**The problem**
Write the records out again in full, word for word.

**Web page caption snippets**
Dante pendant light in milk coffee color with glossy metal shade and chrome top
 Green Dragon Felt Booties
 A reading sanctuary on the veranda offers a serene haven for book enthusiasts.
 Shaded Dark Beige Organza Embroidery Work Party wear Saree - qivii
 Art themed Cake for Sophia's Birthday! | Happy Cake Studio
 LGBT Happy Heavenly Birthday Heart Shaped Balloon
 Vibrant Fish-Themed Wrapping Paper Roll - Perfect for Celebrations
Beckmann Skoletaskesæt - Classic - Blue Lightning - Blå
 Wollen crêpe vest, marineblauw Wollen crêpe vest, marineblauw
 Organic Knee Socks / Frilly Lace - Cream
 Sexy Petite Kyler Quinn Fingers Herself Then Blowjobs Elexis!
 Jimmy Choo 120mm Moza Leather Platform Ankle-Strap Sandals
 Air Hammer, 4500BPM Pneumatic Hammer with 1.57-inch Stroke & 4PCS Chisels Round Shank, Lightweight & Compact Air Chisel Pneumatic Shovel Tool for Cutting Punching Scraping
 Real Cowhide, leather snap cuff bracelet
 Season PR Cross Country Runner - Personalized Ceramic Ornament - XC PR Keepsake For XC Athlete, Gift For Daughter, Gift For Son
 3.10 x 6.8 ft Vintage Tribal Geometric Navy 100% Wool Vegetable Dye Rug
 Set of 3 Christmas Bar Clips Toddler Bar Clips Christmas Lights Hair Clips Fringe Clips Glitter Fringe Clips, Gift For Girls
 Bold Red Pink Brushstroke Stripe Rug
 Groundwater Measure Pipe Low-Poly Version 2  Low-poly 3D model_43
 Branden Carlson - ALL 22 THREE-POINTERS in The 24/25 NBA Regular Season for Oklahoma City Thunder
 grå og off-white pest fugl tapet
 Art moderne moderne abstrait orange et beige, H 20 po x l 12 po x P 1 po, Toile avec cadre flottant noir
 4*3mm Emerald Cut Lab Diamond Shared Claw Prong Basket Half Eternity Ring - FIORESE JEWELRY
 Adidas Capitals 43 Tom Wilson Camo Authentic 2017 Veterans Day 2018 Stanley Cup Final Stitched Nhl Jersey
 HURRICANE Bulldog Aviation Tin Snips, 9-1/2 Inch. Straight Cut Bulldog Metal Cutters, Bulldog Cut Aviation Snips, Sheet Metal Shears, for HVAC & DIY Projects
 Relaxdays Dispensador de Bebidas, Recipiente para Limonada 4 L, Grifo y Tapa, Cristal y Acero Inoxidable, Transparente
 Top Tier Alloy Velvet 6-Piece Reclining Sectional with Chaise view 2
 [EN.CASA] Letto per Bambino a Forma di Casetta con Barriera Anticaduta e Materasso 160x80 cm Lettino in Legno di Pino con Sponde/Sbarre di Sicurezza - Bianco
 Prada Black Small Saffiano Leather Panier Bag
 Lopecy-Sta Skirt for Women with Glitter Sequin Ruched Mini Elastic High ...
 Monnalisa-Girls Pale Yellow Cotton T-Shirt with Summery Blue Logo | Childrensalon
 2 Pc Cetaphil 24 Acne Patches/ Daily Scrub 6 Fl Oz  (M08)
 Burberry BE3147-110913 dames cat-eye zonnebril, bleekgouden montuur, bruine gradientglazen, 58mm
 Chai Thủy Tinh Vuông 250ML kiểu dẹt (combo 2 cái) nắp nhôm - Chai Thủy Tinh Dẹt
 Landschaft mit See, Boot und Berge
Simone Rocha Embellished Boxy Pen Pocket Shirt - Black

**Task solution**
Dante pendant light in milk coffee color with glossy metal shade and chrome top
 Green Dragon Felt Booties
 A reading sanctuary on the veranda offers a serene haven for book enthusiasts.
 Shaded Dark Beige Organza Embroidery Work Party wear Saree - qivii
 Art themed Cake for Sophia's Birthday! | Happy Cake Studio
 LGBT Happy Heavenly Birthday Heart Shaped Balloon
 Vibrant Fish-Themed Wrapping Paper Roll - Perfect for Celebrations
Beckmann Skoletaskesæt - Classic - Blue Lightning - Blå
 Wollen crêpe vest, marineblauw Wollen crêpe vest, marineblauw
 Organic Knee Socks / Frilly Lace - Cream
 Sexy Petite Kyler Quinn Fingers Herself Then Blowjobs Elexis!
 Jimmy Choo 120mm Moza Leather Platform Ankle-Strap Sandals
 Air Hammer, 4500BPM Pneumatic Hammer with 1.57-inch Stroke & 4PCS Chisels Round Shank, Lightweight & Compact Air Chisel Pneumatic Shovel Tool for Cutting Punching Scraping
 Real Cowhide, leather snap cuff bracelet
 Season PR Cross Country Runner - Personalized Ceramic Ornament - XC PR Keepsake For XC Athlete, Gift For Daughter, Gift For Son
 3.10 x 6.8 ft Vintage Tribal Geometric Navy 100% Wool Vegetable Dye Rug
 Set of 3 Christmas Bar Clips Toddler Bar Clips Christmas Lights Hair Clips Fringe Clips Glitter Fringe Clips, Gift For Girls
 Bold Red Pink Brushstroke Stripe Rug
 Groundwater Measure Pipe Low-Poly Version 2  Low-poly 3D model_43
 Branden Carlson - ALL 22 THREE-POINTERS in The 24/25 NBA Regular Season for Oklahoma City Thunder
 grå og off-white pest fugl tapet
 Art moderne moderne abstrait orange et beige, H 20 po x l 12 po x P 1 po, Toile avec cadre flottant noir
 4*3mm Emerald Cut Lab Diamond Shared Claw Prong Basket Half Eternity Ring - FIORESE JEWELRY
 Adidas Capitals 43 Tom Wilson Camo Authentic 2017 Veterans Day 2018 Stanley Cup Final Stitched Nhl Jersey
 HURRICANE Bulldog Aviation Tin Snips, 9-1/2 Inch. Straight Cut Bulldog Metal Cutters, Bulldog Cut Aviation Snips, Sheet Metal Shears, for HVAC & DIY Projects
 Relaxdays Dispensador de Bebidas, Recipiente para Limonada 4 L, Grifo y Tapa, Cristal y Acero Inoxidable, Transparente
 Top Tier Alloy Velvet 6-Piece Reclining Sectional with Chaise view 2
 [EN.CASA] Letto per Bambino a Forma di Casetta con Barriera Anticaduta e Materasso 160x80 cm Lettino in Legno di Pino con Sponde/Sbarre di Sicurezza - Bianco
 Prada Black Small Saffiano Leather Panier Bag
 Lopecy-Sta Skirt for Women with Glitter Sequin Ruched Mini Elastic High ...
 Monnalisa-Girls Pale Yellow Cotton T-Shirt with Summery Blue Logo | Childrensalon
 2 Pc Cetaphil 24 Acne Patches/ Daily Scrub 6 Fl Oz  (M08)
 Burberry BE3147-110913 dames cat-eye zonnebril, bleekgouden montuur, bruine gradientglazen, 58mm
 Chai Thủy Tinh Vuông 250ML kiểu dẹt (combo 2 cái) nắp nhôm - Chai Thủy Tinh Dẹt
 Landschaft mit See, Boot und Berge
Simone Rocha Embellished Boxy Pen Pocket Shirt - Black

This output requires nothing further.